ABOUT THIS EXERCISE: Although the records include pictures, the copy should not; write out exactly the lines from the first through the line with "Swivel Caster Replacement".

PROVIDED INFORMATION:
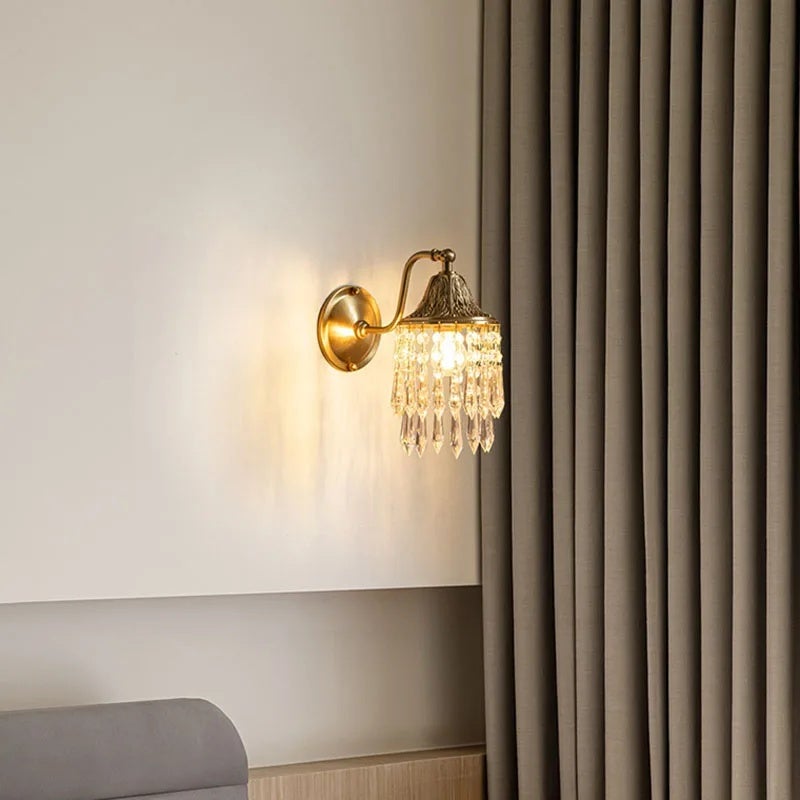 Luxury American Retro Copper Crystal Wall Lamp Creative French Living Room Tv Background Bedroom Bedside Led Lighting - Image 2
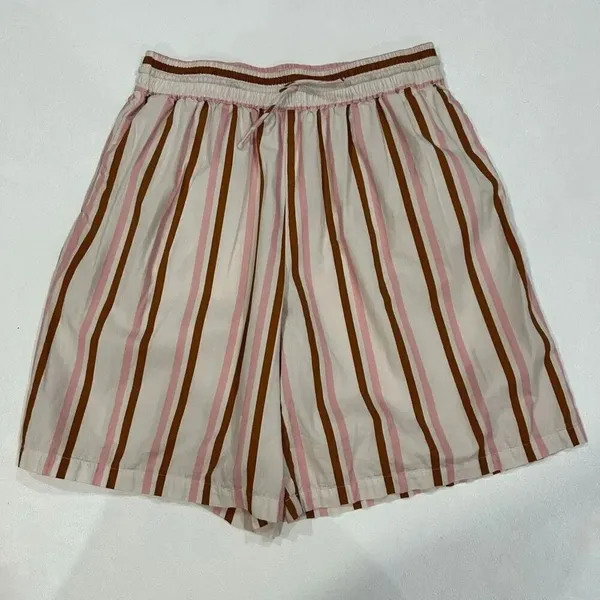 Anthropologie Striped Pull On Shorts Medium Pink Brown Casual Summer Shorts - Image 3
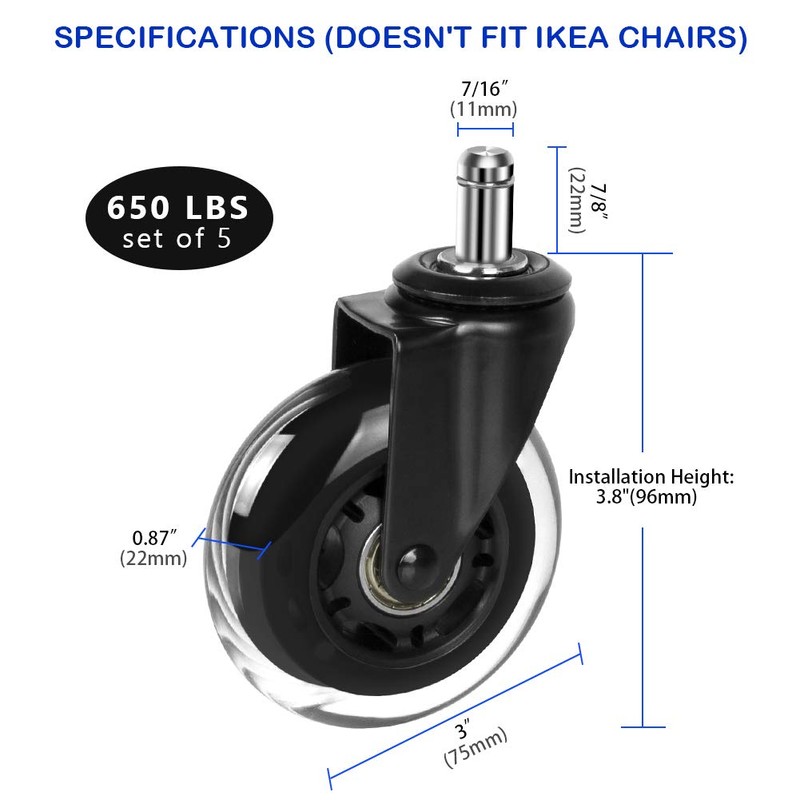 Hirate 3" Chair Casters Heavy Duty Lockable Swivel Caster Replacement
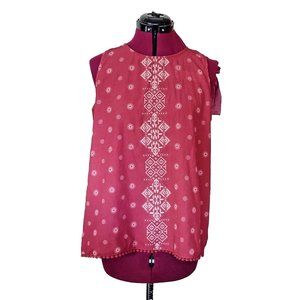 Hint Of Mint Top Blouse Women Size XL Sleeveless Cutout Southwest Aztec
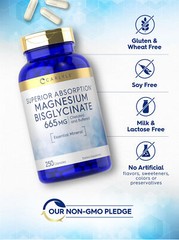 Magnesium Bisglycinate 665mg | 250 Capsules | Buffered Supplement | by Carlyle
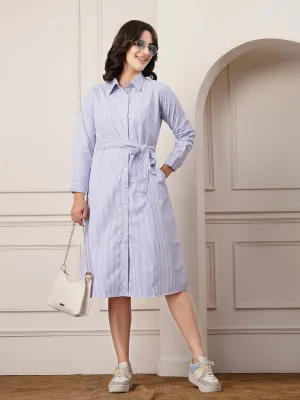 Style Quotient Women striped formal shirt dress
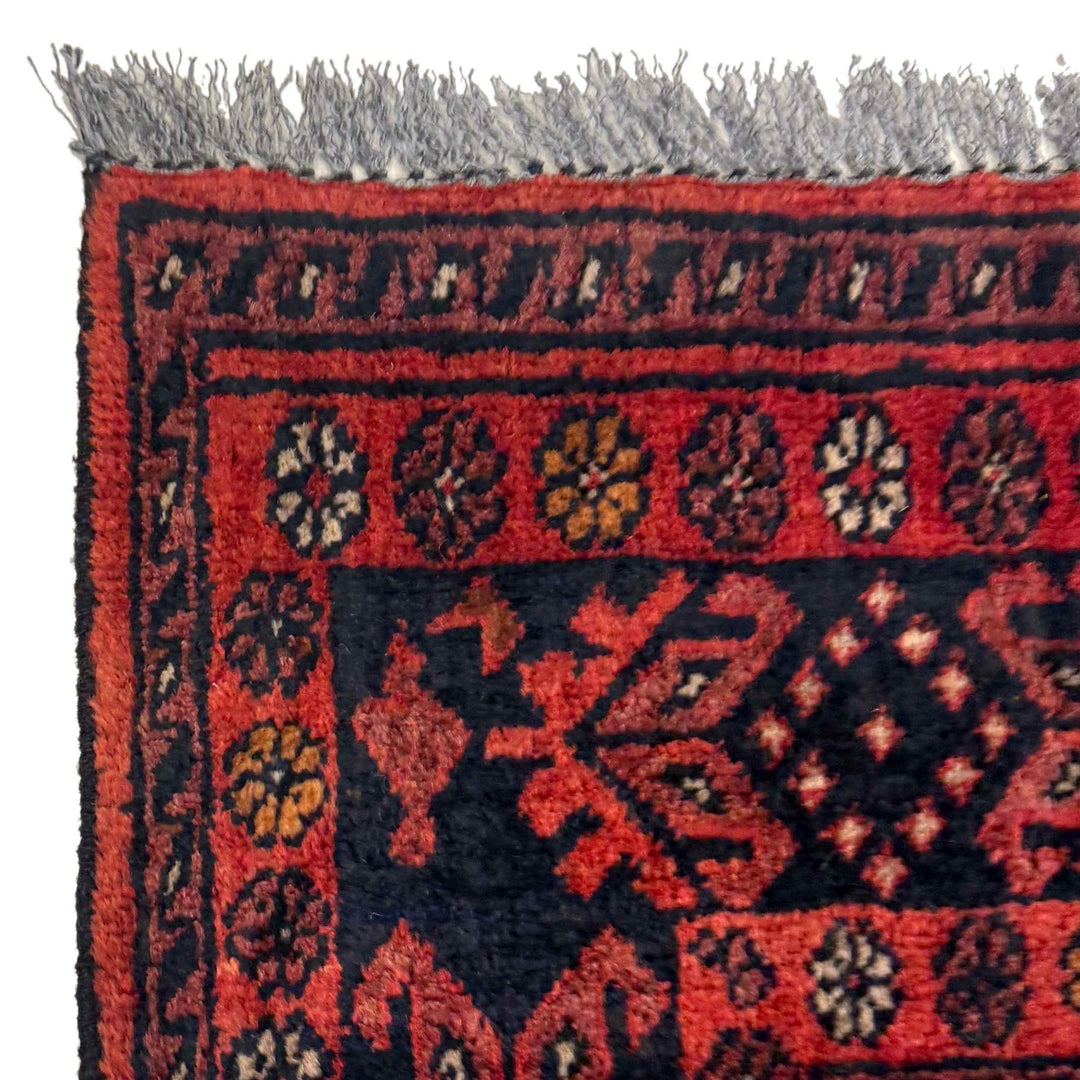 Red Afghan Khal Mohammadi Rug 3' 4" x 4' 6" Hand-Knotted | No. AL56260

FINISHED TASK:
 Luxury American Retro Copper Crystal Wall Lamp Creative French Living Room Tv Background Bedroom Bedside Led Lighting - Image 2
 Anthropologie Striped Pull On Shorts Medium Pink Brown Casual Summer Shorts - Image 3
 Hirate 3" Chair Casters Heavy Duty Lockable Swivel Caster Replacement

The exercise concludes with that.